И люди всего мира, благодаря коллективным усилиям, в одинаковой мере с русскими знали писателя не только по его произведениям, но были вполне посвящены во все подробности его воистину фантастической судьбы, знали, что он, как никто другой, познал дно жизни, что выкарабкался, собственными силами со дна на божий свет, мало того, узнавали люди из тысячного говора характерную окающую его речь, глуховатый низкий голос, узнавали, пожалуй, и среди многотысячной толпы столь приметную сутуловатую долговязую фигуру. Таким образом, по мере того, как каждое новое поколение дописывало этот портрет, внося свою долю пусть по капле, по росинке, на глазах всего народа все вырастал, обретая мощь, этот исполинский образ.

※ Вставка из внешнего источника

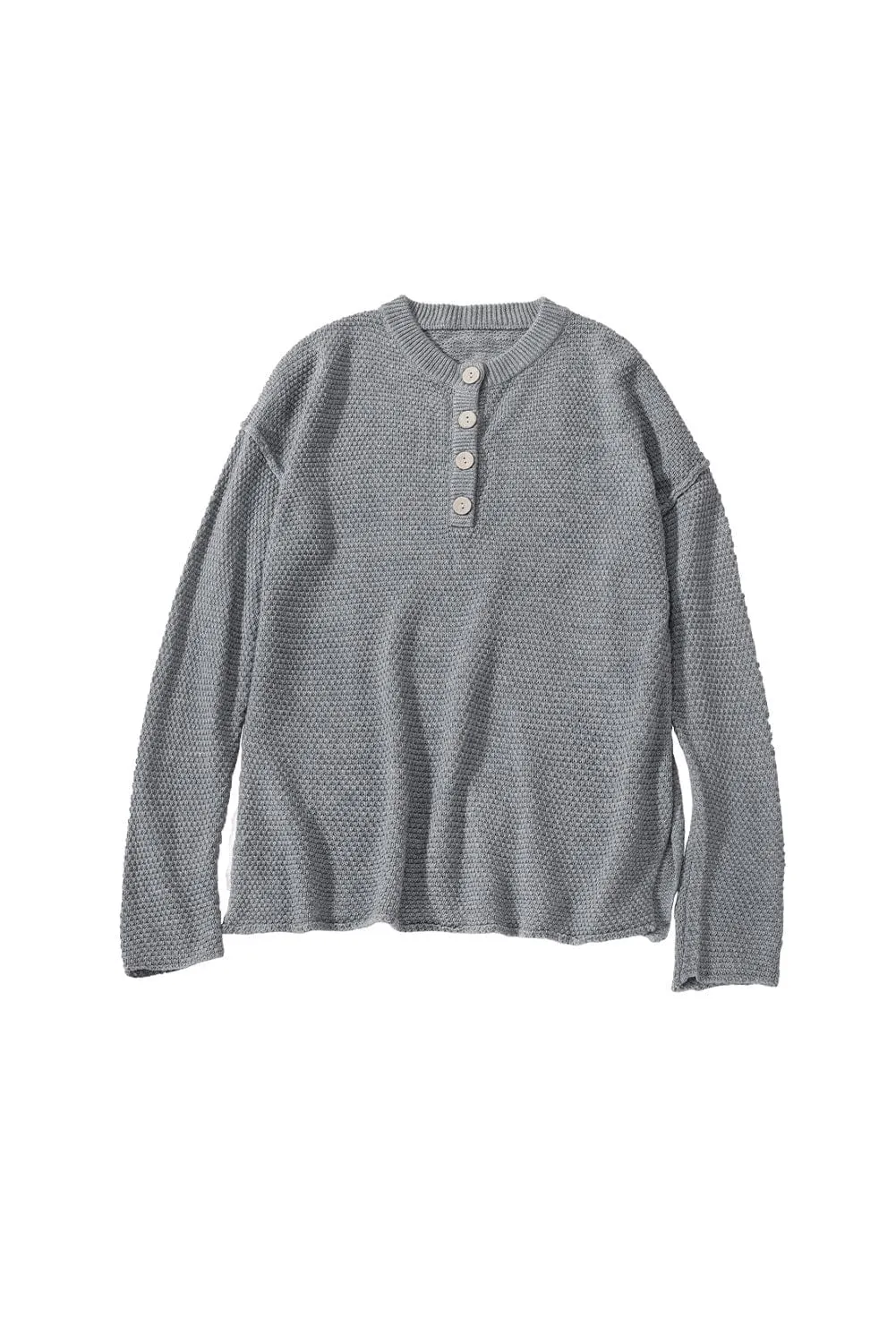 Button-Down Henley Top for Women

И когда, казалось, он уже создан, Леонид Леонов не так давно блистательно и неожиданно дополнил его новыми, философски осмысленными и поэтически взволнованными размышлениями, которые, несомненно, обогатили дорогой для человечества образ.

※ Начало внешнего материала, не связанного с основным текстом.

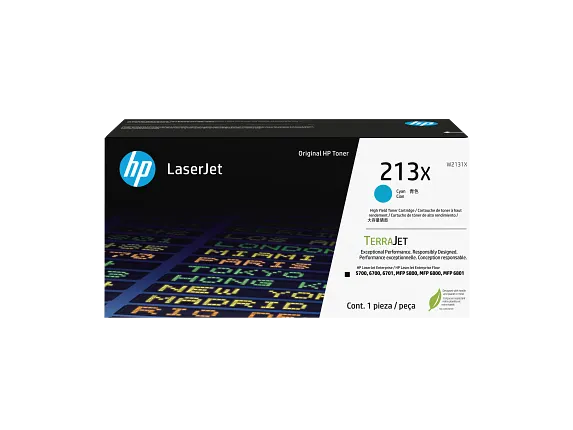 HP 213X High Yield Cyan Original LaserJet Toner Cartridge (W2131X) – For HP Color LaserJet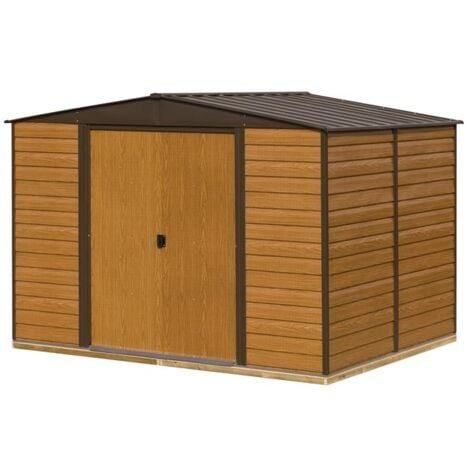 Rowlinson Woodvale Metal Shed 10X8 with Floor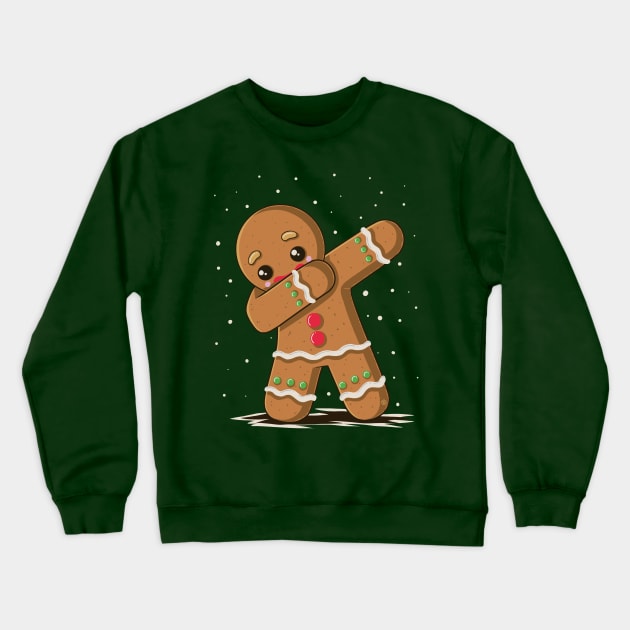 DABBING GINGERBREAD Crewneck Sweatshirt by FernandoSala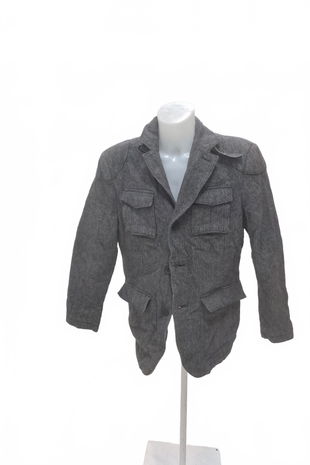 Pánsky zimný kabát Angelo Litrico, farba sivá, veľkosť L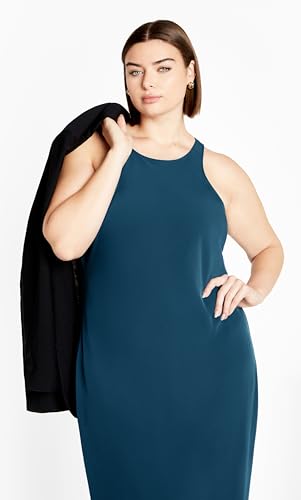 Image of City Chic Plus Size Dress, Halter Slip Dress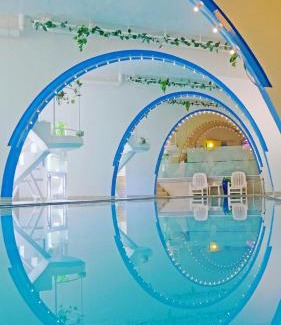 Kadena-cho Apartment | Inviting Coral Garden with 7 Pools and Private Hot Tub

Моему поколению, которому выпала честь родиться и воспитываться уже в новом, социалистическом обществе, казалось, что к писателю Максиму Горькому, при всей его близости и доступности нам, все же нельзя применять обычную человеческую мерку. Вполне возможно, я ошибаюсь, но по тогдашней провинциальной наивности, нам, детям тех лет, живущим на пустынных берегах далекого Аральского моря, рисовался его образ, окрашенный бесхитростным детским воображением. Его мы узнавали по портретам, висевшим в клубах и классах, и еще в учебниках по литературе, где он непременно изображался на фоне слишком уж сердитого белопенного моря, а над ним, надрываясь, метались крикливые чайки, а чуть позади ревел прибой. И мы, босоногие интернатовцы, смутно чувствовали, что во всем его облике есть что-то непохожее на других писателей, что в его человеческой и писательской судьбе, не в пример другим, есть нечто возвышенное, что самой судьбой своей он изначально и неразрывно связан с мятежным, как он сам, этим морем, бурей, с птицей-буревестником, со штормовым ветром и шквалом волн.